Philobitude
Né en 1936 en Corée du Sud
Lee Ufan est un artiste et critique d’art connu pour sa participation au mouvement japonais du Mono-Ha. Par l’approche orientale et l’appréciation de la phénoménologie occidentale dans son travail, l’artiste est l’un des plus importants peintres contemporains asiatiques.
Lee Ufan, qui a grandi dans une famille traditionnelle, étudie la peinture et la calligraphie auprès de plusieurs maîtres aux Beaux-Arts de Séoul. En complément de ses études, le jeune peintre étudie la pensée asiatique et son évolution et choisit de s’installer au Japon en 1956. Attiré par de nouveaux modes d’apprentissage, l’étudiant se lance alors dans des études de philosophie orientale et moderne. Influencé par des penseurs tels que Laozi ou Zhuangzi, Lee Ufan y associe des courants de pensée inspirés de Nietzche et Maurice Merleau-Ponty. Après avoir découvert les sculptures de Sekine Nobuo, Lee Ufan cherche de plus en plus à fluidifier les relations entre le monde matériel et celui de la pensée. L’artiste s’investit alors dans un art minimaliste qui sera sa marque de fabrique, précisant qu’« une banale plaque de métal pourrait être une pensée. Les vagues pierres pourraient être l’air. L’espace de résonance de l’œuvre s’est déployé, vacillant, alentour…». L’artiste résume ainsi son approche : « Je ne cherche pas à verbaliser le monde, à me l’approprier, mais à être relié à lui, à le percevoir ».
En 1967, Lee Ufan cofonde le mouvement minimaliste Mono-Ha (« l’école des choses ») qui perdurera jusqu’à la fin des années 1970 et qui a vocation à faire coexister des matériaux produits par l’Homme avec des matières d’origine naturelle et, pour l’essentiel, non modifiés. Au sein du mouvement, son acolyte le sculpteur Sekine voit en Lee Ufan le théoricien susceptible de l’aider à développer sa propre pratique artistique. Lee Ufan soutient en effet que la tendance moderniste – artistique ou philosophique – créé une triple inégalité : dans la manière dont les artistes manipulent des matériaux à des fins expressives, dans la soumission du monde naturel au contrôle humain et dans les inégalités coloniales qui permettaient à certains groupes d’asseoir leur domination. A ce titre, Lee Ufan ne cherche pas à faire prévaloir l’art contemporain asiatique sur l’art occidental, une ambition qui fait office de fil conducteur dans son travail depuis les années 1960. En délaissant les matériaux classiques utilisés par les artistes contemporains, Ufan se concentre essentiellement sur la symbolique en utilisant des formes simples telle que le point, la ligne ou la courbe.

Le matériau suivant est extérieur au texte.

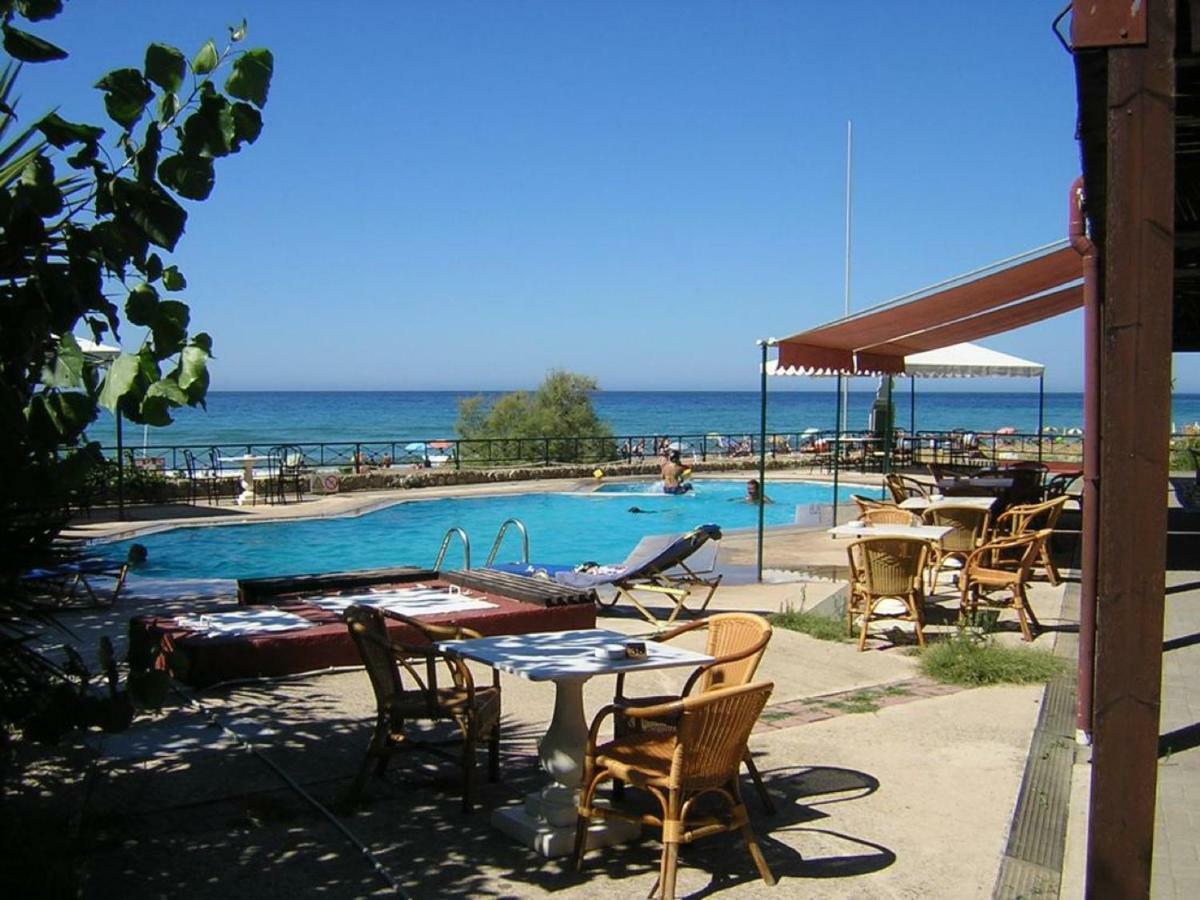 Seafront Calista Beach House With Garden Гліфада Екстер'єр фото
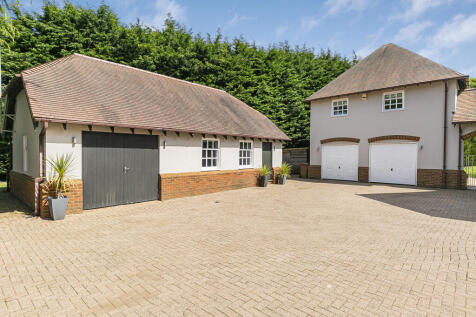 Annex &amp; Garage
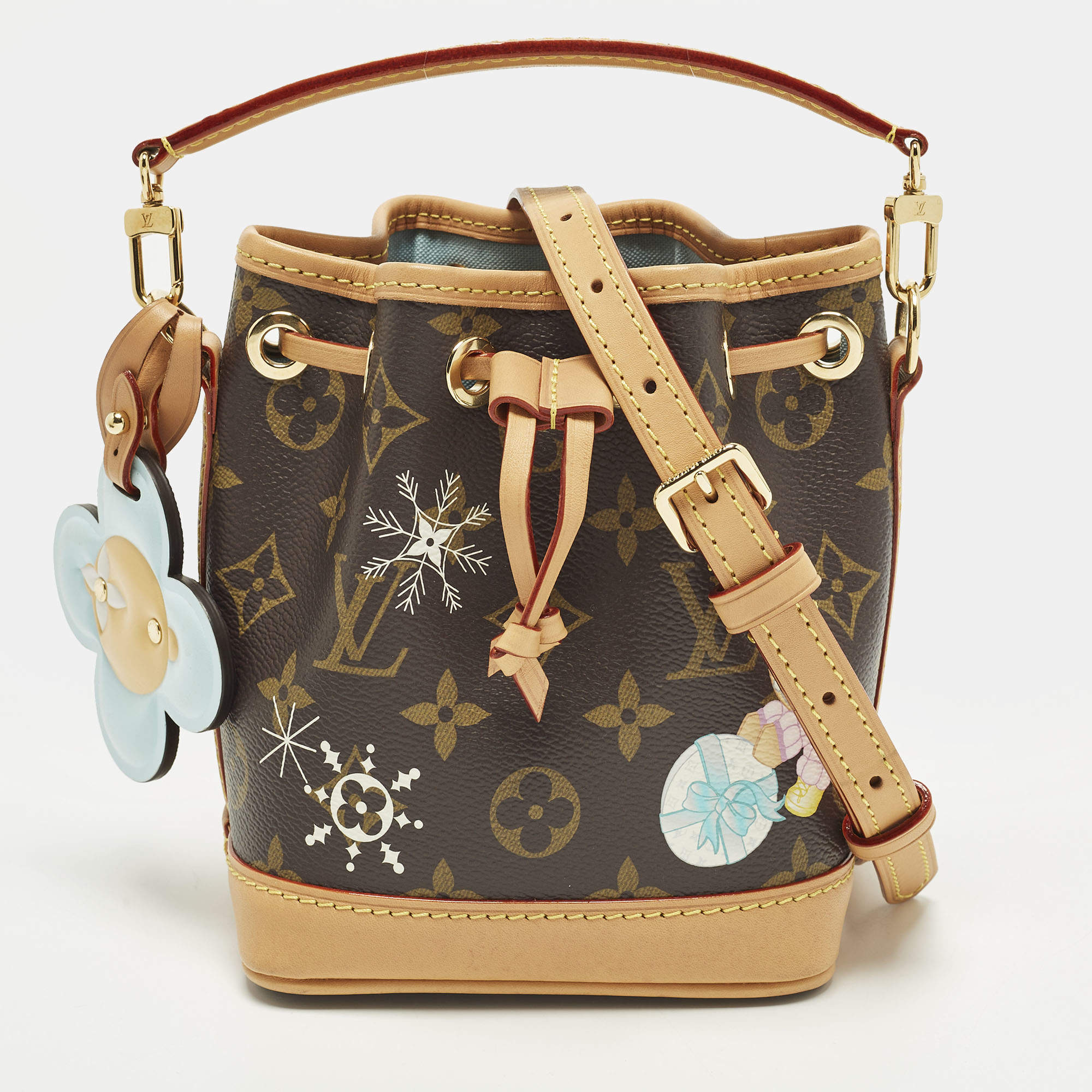 مملوكة مسبقًا Louis Vuitton Noe Nano Monogram Azur Frost Canvas Bucket Bag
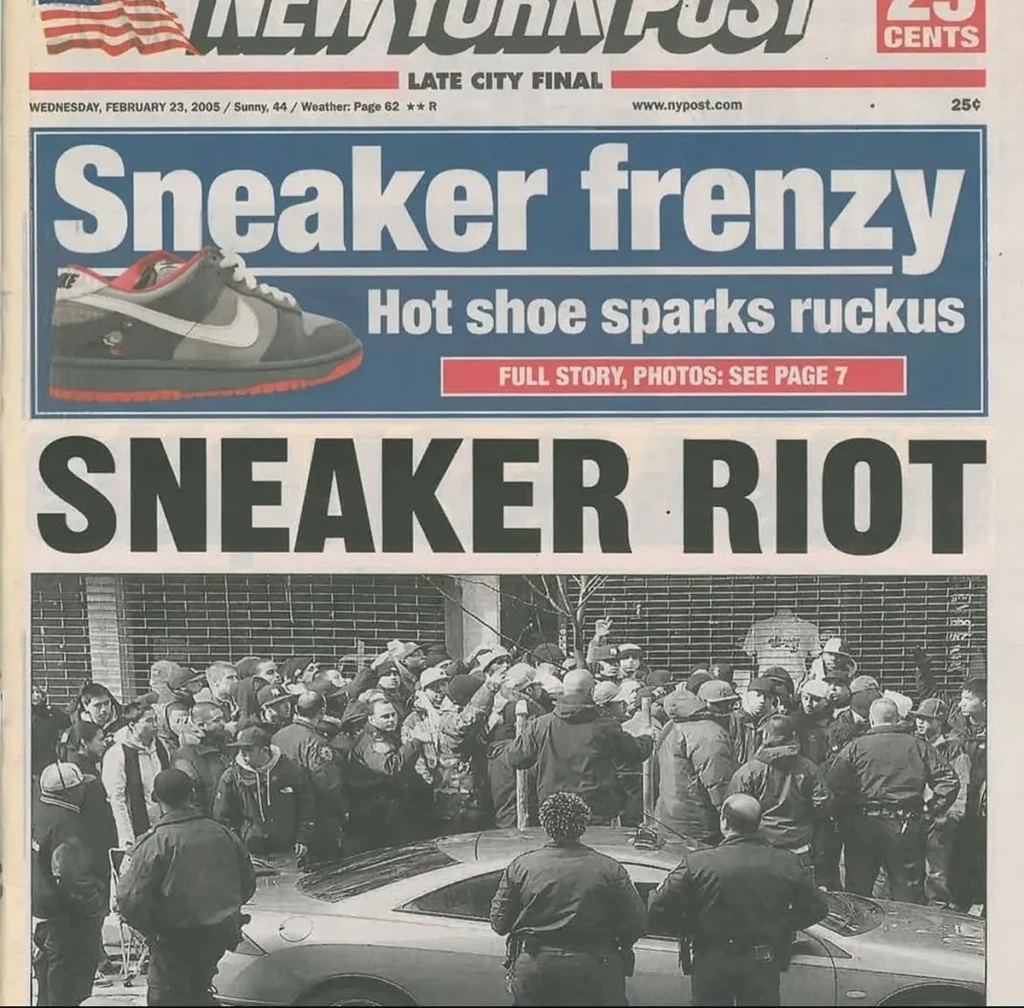 Image of the New York Post article commenting on the street crowds and chaos to secure a pair of the Nike Dunk Jeff Staple.
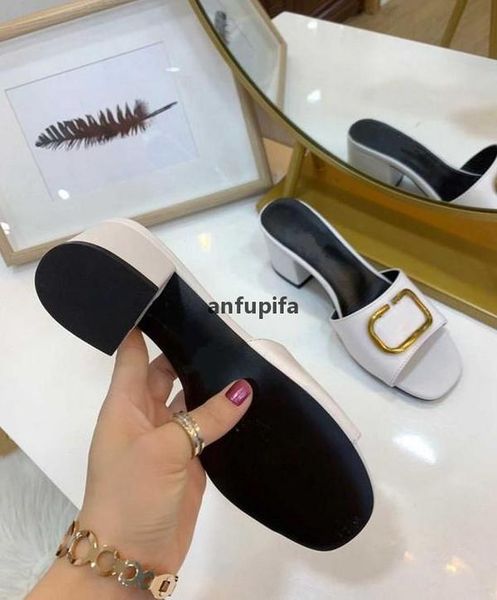 shoes new vlogo black low heeled slippers fashion women s sandals rw0s0m60 hws 0no z06 valentinoes valentinoity ftl qel
shoes new vlogo black low heeled slippers fashion women s sandals rw0s0m60 hws 0no z06 valentinoes valentinoity ftl qel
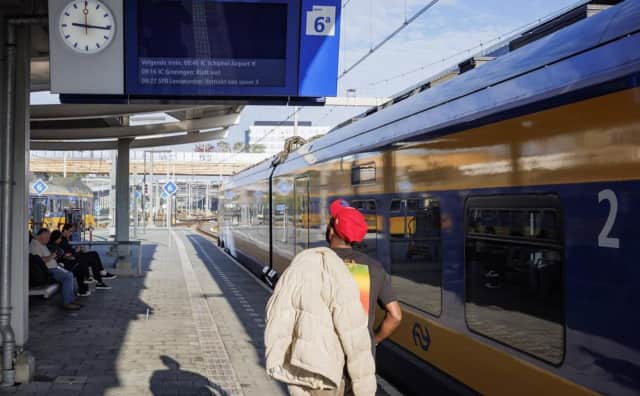 Hollanda'da Tren Hatlarına Sabotaj: Ülke Genelinde Ulaşım Felç Oldu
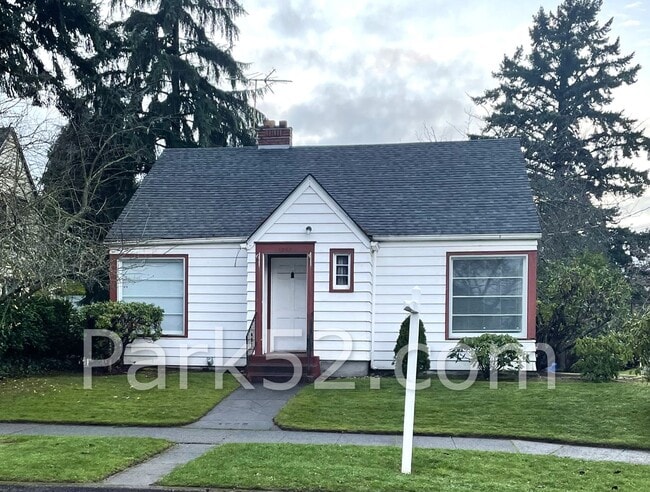 property at 1002 S Oakes St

On le comprend, le travail de l’artiste est profondément influencé par la philosophie, discipline qu’on peut même considérer comme son inspiration première. Il l’étudie, la comprend et l’adapte à sa propre vision. Son travail de 1969, portant sur l’objet et sa possible animation à travers l’art, découle directement de l’influence d’un philosophe japonais Kitaro Nishida. Exposé dans le monde entier, ses œuvres sont souvent rapprochées de l’Arte Povera, un mouvement italien des années 1960 en réaction à l’industrialisation à outrance de la société de consommation. L’Arte Povera, et son fer de lance Giuseppe Penone, vise notamment à rendre des objets insignifiants, tels que des troncs d’arbres coupés, signifiants. Ces deux mouvements se rejoignent donc dans la volonté de donner une importance aux matériaux naturels non transformés.
Depuis 2010, un musée à Naoshima au Japon est entièrement consacré à Lee Ufan. Conçu par l’architecte vedette Tadao Ando, le bâtiment joue sur la lumière et l’obscurité en donnant une place primordiale à l’humain dans un espace visible – édifice, jardin – ou invisible – le cosmos. En 2002, Lee Ufan fait une donation d’une centaine d’œuvres au Musée National des Arts Asiatiques Guimet (MNAAG), permettant ainsi un enrichissement considérable de la collection d’art coréen de l’État français.